Another goal of this invention is a device and an associated procedure that provide adequate support of the wafer while providing a viewing window large enough to image the IC under test.
Another goal of the invention is a device and an associated procedure that minimizes the pressure exerted by the probe tips over the integrated circuit, so as to avoid bending of its substrate and any damage that may otherwise result from structural stresses.
Another objective is an apparatus suitable for carrying out both the alignment of the integrated circuit with the probe card and the normal testing of the circuit in a single operation.
Another object is an apparatus suitable for testing integrated circuits both in the form of a packaged chip and in the form of a wafer.
Still another object is an approach suitable for automated implementation, so that multiple tests can be carried out with speed and reliability for quality control of several integrated circuits in a water.
Another goal is also a method and apparatus that are suitable for incorporation within existing instruments.
A final objective is a system that can be implemented easily and economically according to the above stated criteria.

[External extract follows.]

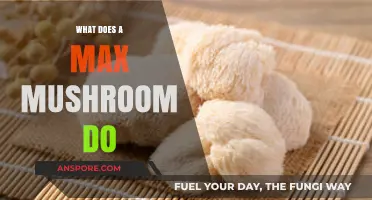 Max Mushroom Power: Unlocking Benefits, Uses, and Effects Explained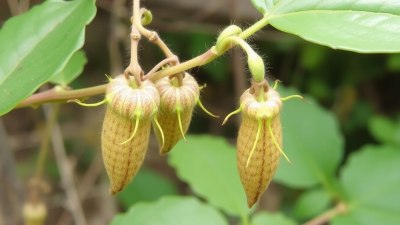 Learning to Identify Local Parasitic Plants on Nature Walks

Therefore, according to these and other objectives, the preferred is embodiment of the present invention includes a back-side imaging infrared microscope combined with a conventional integrated-circuit probe card mounted on a platen that lowers the probe card to make contact with the top side of the wafer. At the same time, the microscope is located below the silicon substrate of the integrated circuit, on the side opposite to the probe card. The back side of the substrate is imaged through a window sized to provide a view of a single integrated circuit and of the corresponding probe tips overlying the contact pads, while also providing sufficient vertical support to minimize bending of the silicon substrate. Since the silicon substrate of integrated circuits is transparent to infrared wavelengths, the alignment between probe tips and contact pads can be carried out with a clear view of both from the bottom of the substrate. Appropriate mechanisms for angular and x,y,z position adjustments of the probe card with respect to the integrated circuit enable their vertical and parallel alignment. Furthermore, emission images from the integrated circuit can be taken during testing with the same microscope after electrical contact has been established. By using a single microscope for testing and alignment from the bottom side of the silicon substrate, precise alignment becomes possible even when the entire top side of the circuit is dedicated to accommodate electrical contacts.

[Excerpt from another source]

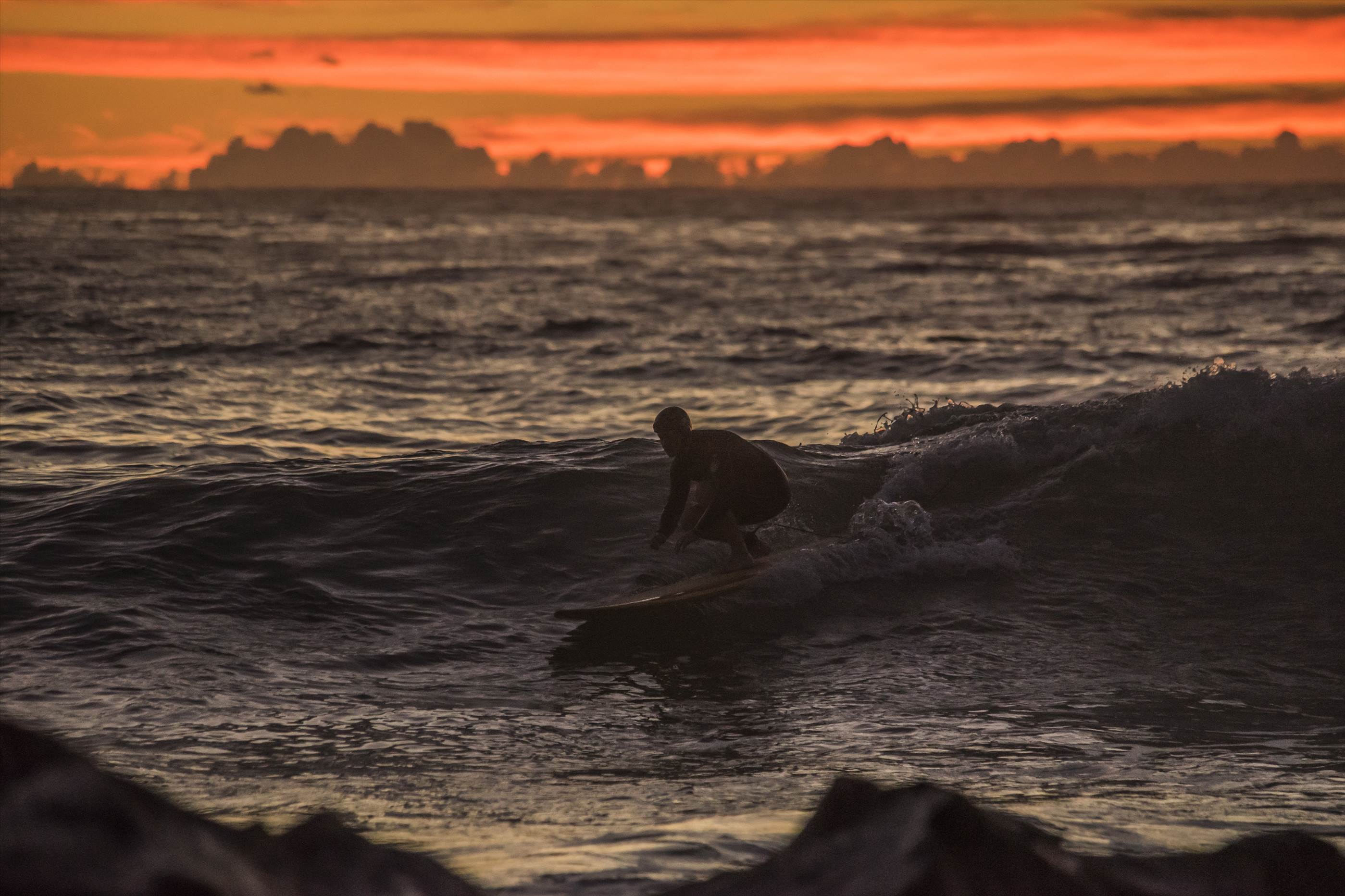 33750976152 11671f66bc o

According to another aspect of the invention, a special supporting plate with a bottom view window is combined with a movable frame for an IC wafer. The frame is adapted for slidable, precisely controlled motion over the supporting plate, so that multiple circuits in a wafer can be positioned sequentially over the view window, aligned with the probe card, and tested by imaging infrared emissions caused by circuit failures. Thus, the full benefits of IR microscopy can be applied to integrated circuits before they are packaged. Initial detection of a fault and the subsequent failure analysis, which have been so far performed in two separate steps, are combined into a single operation by the present invention.

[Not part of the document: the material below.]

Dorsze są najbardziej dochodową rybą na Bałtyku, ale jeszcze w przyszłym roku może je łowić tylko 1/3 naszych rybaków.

Various other purposes and advantages of the invention will become clear from its description in the specification that follows and from the novel features particularly pointed out in the appended claims. Therefore, to the accomplishment of the objectives described above, this invention consists of the features hereinafter illustrated in the drawings, fully described in the detailed description of the preferred embodiment and particularly pointed out in the claims. However, such drawings and description disclose but one of the various ways in which the invention may be practiced.